Allen B. Wrisley Co. v. Federal Trade Commission

TREANOR, Circuit Judge

(concurring in part and dissenting in part).

Petitioners stipulated that each of the names, or brands, involved in this proceeding meant to a majority of the purchasing public an “olive oil soap”; and petitioners further stipulated that to a majority of the purchasing public an “olive oil soap” means “one, the content of which is 100% olive oil.” It is true, as pointed out in the majority opinion, that there was testimony to the contrary by witnesses who appeared personally. Petitioners, however, were in a position to have special knowledge of the reaction of the purchasing public to the trade names, or brands, which identified their soaps. No doubt few people would be misled who analyzed the trade name with knowledge that palm oil and olive oil are distinct types of oil.
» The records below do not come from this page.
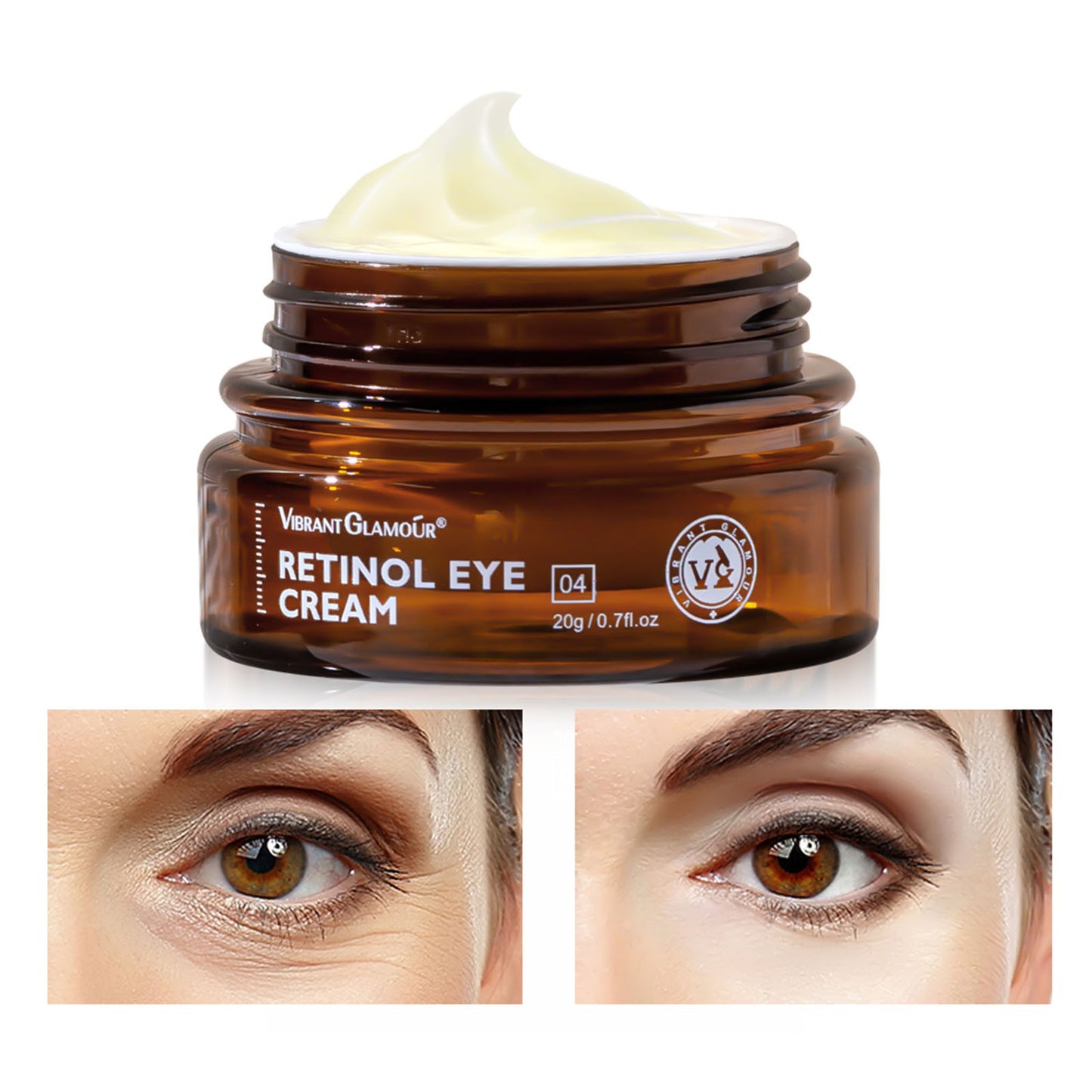 Retinol Eye Cream Removes Dark Circles Reduces Fine Lines And Brightens Skin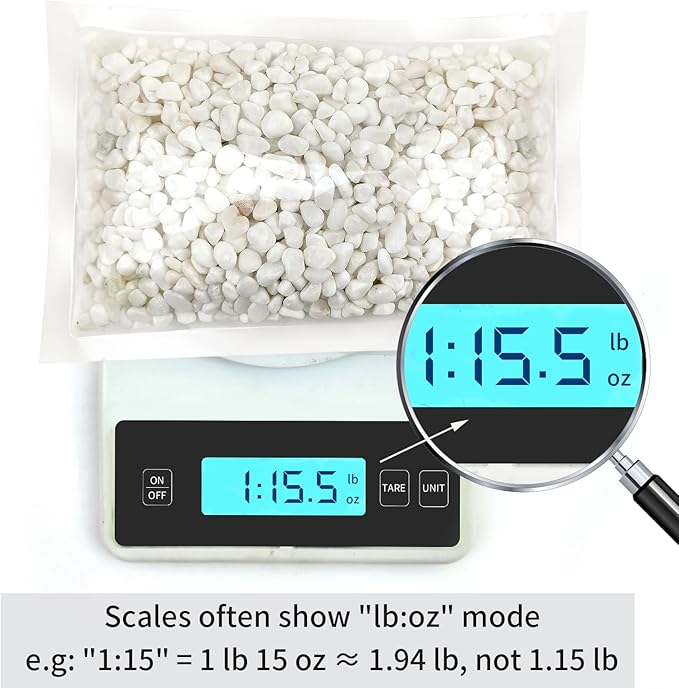 2 Pounds White Pebbles for Indoor Plants, 3/8 Inch Polished White Rocks, Decorative River Rocks for Potted Plants Vase Cactus Bird Bath and Outdoor Garden Landscaping-PawvioPets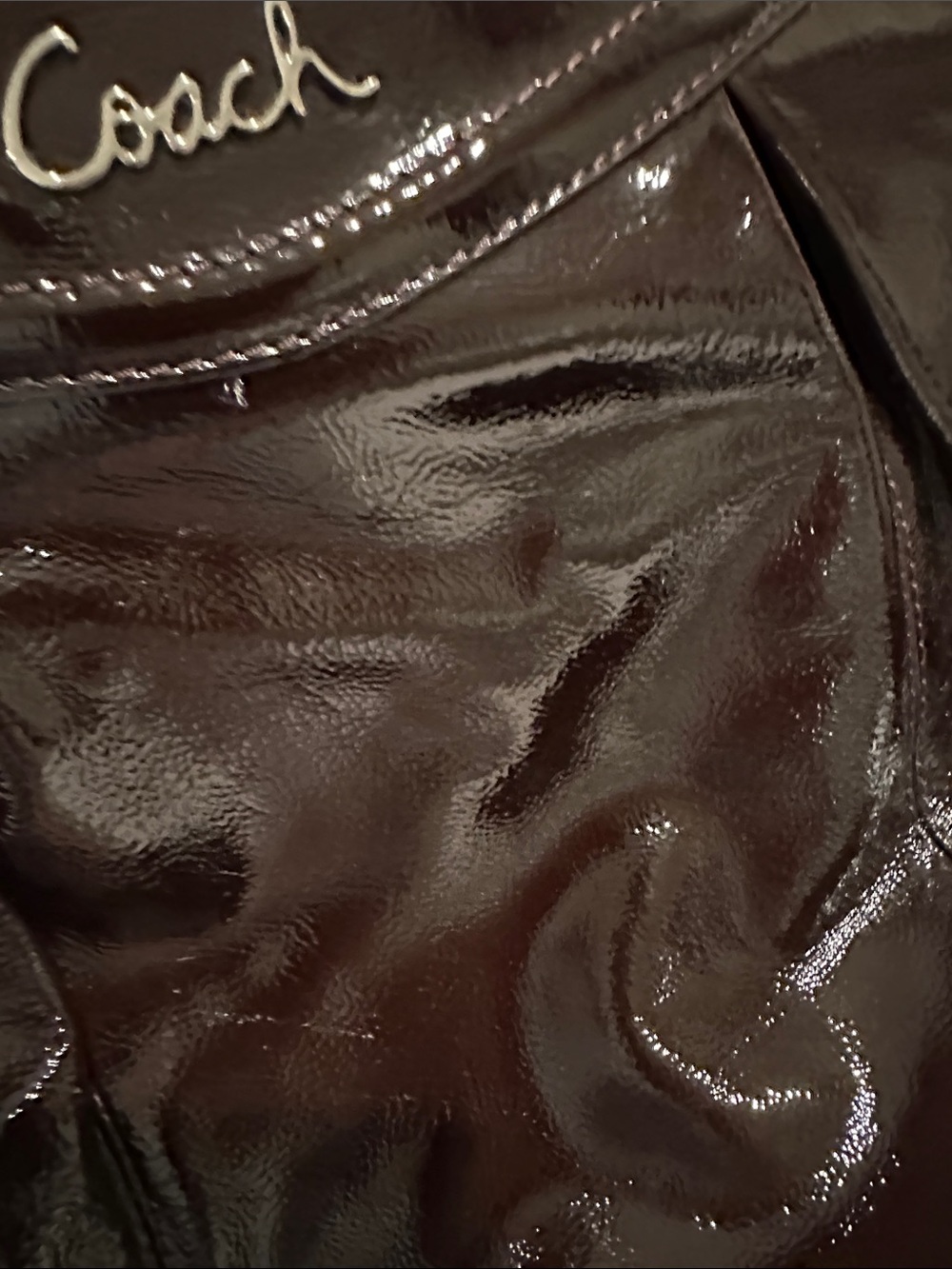 Coach Leather Bag - Picture 3 of 9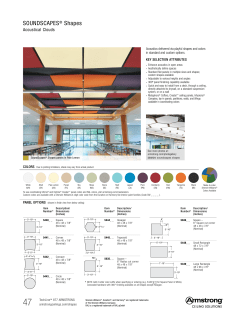 SoundScapeS&reg; Shapes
We are not in a position to know how widespread among the purchasing public is the knowledge of the difference between palm and olive oils; nor are we informed what per cent of the soap purchasing public analyzes trade names, or brands. No doubt petitioners have considerable knowledge respecting the psychology of advertising and they have stipulated that the majority of the soap purchasing public would understand that the names, or brands, in question mean that the soaps bearing such names are olive oil soaps containing 100% olive oil. Such stipulation furnished substantial evidence for a finding that a substantial portion of the purchasing public was deceived by the names, or brands, used by petitioners.

Also I am of the opinion that the Commission’s order is warranted by the facts and that the provisions of the order do not go beyond the requirements of adequate protection to the public and the prevention of evasion.